* [EXERCISE AIM] Only the lines below from the one containing "ベビーラクーン男女兼用赤ちゃんシャワー 招待状 (裏面)" through the one containing "English Elm Cozy" belong in the answer, set down exactly, with the pictures left out.

* [DATA TO USE]
↓↓↓

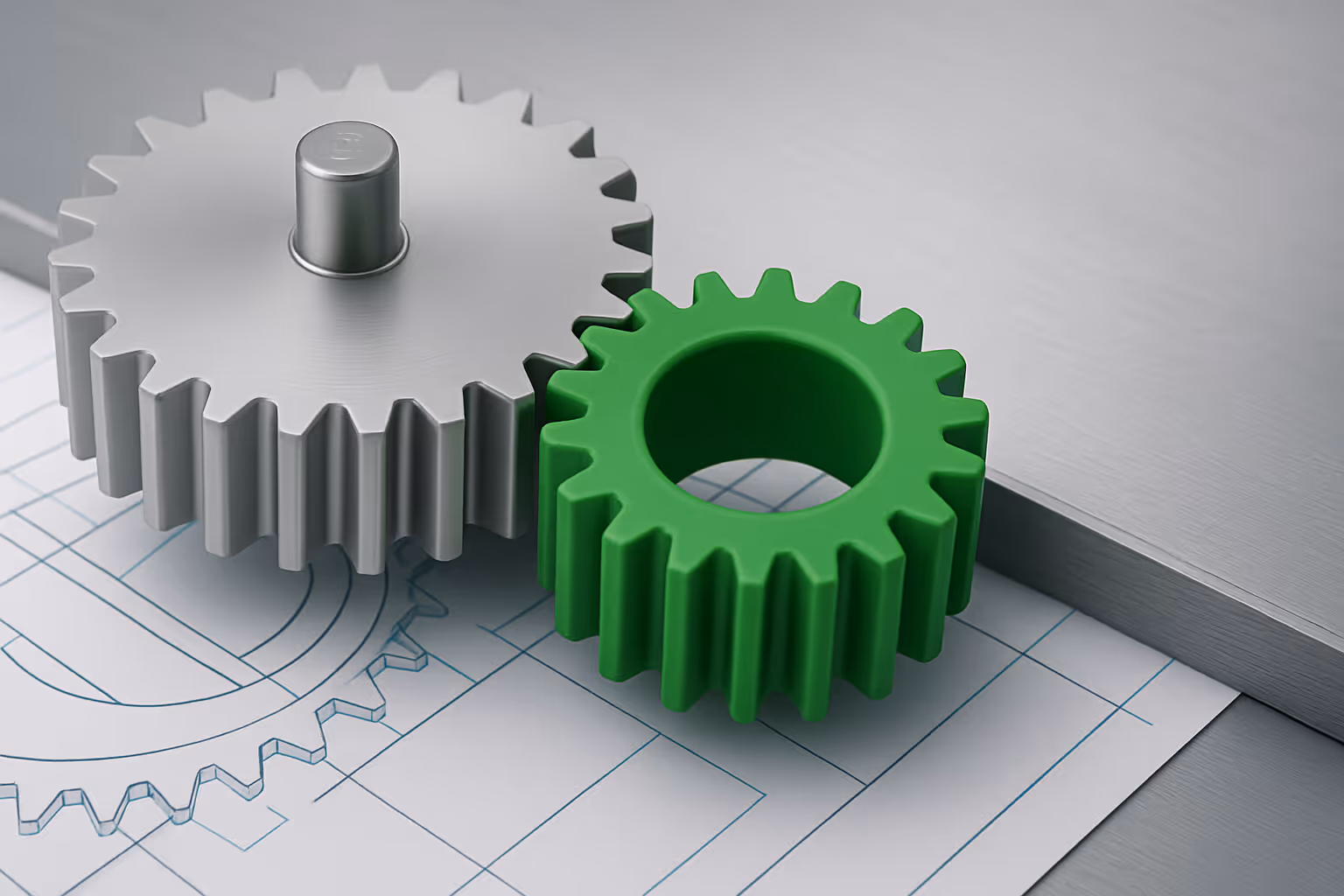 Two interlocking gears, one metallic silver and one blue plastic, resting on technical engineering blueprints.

↑↑↑
↓↓↓

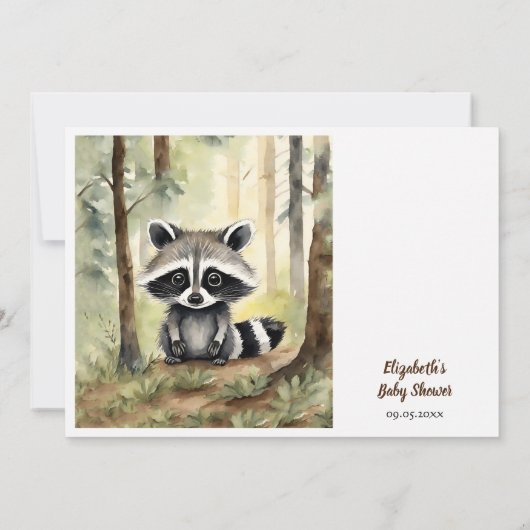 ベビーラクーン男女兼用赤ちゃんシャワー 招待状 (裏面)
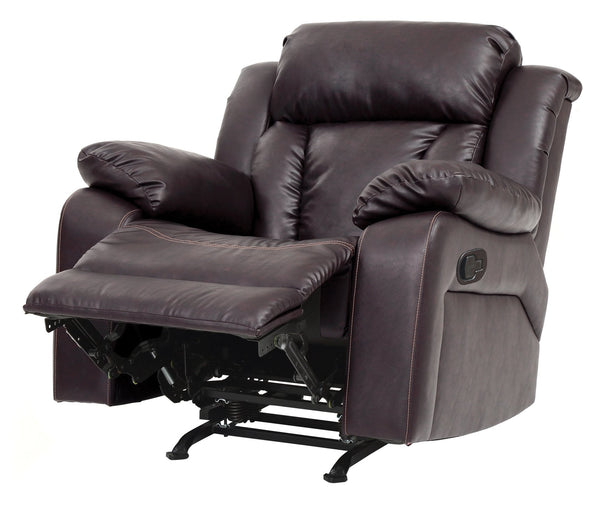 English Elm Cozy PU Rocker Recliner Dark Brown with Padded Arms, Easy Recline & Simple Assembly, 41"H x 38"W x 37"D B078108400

↑↑↑

* [OUTPUT OF THE TASK]
 ベビーラクーン男女兼用赤ちゃんシャワー 招待状 (裏面)
 English Elm Cozy PU Rocker Recliner Dark Brown with Padded Arms, Easy Recline & Simple Assembly, 41"H x 38"W x 37"D B078108400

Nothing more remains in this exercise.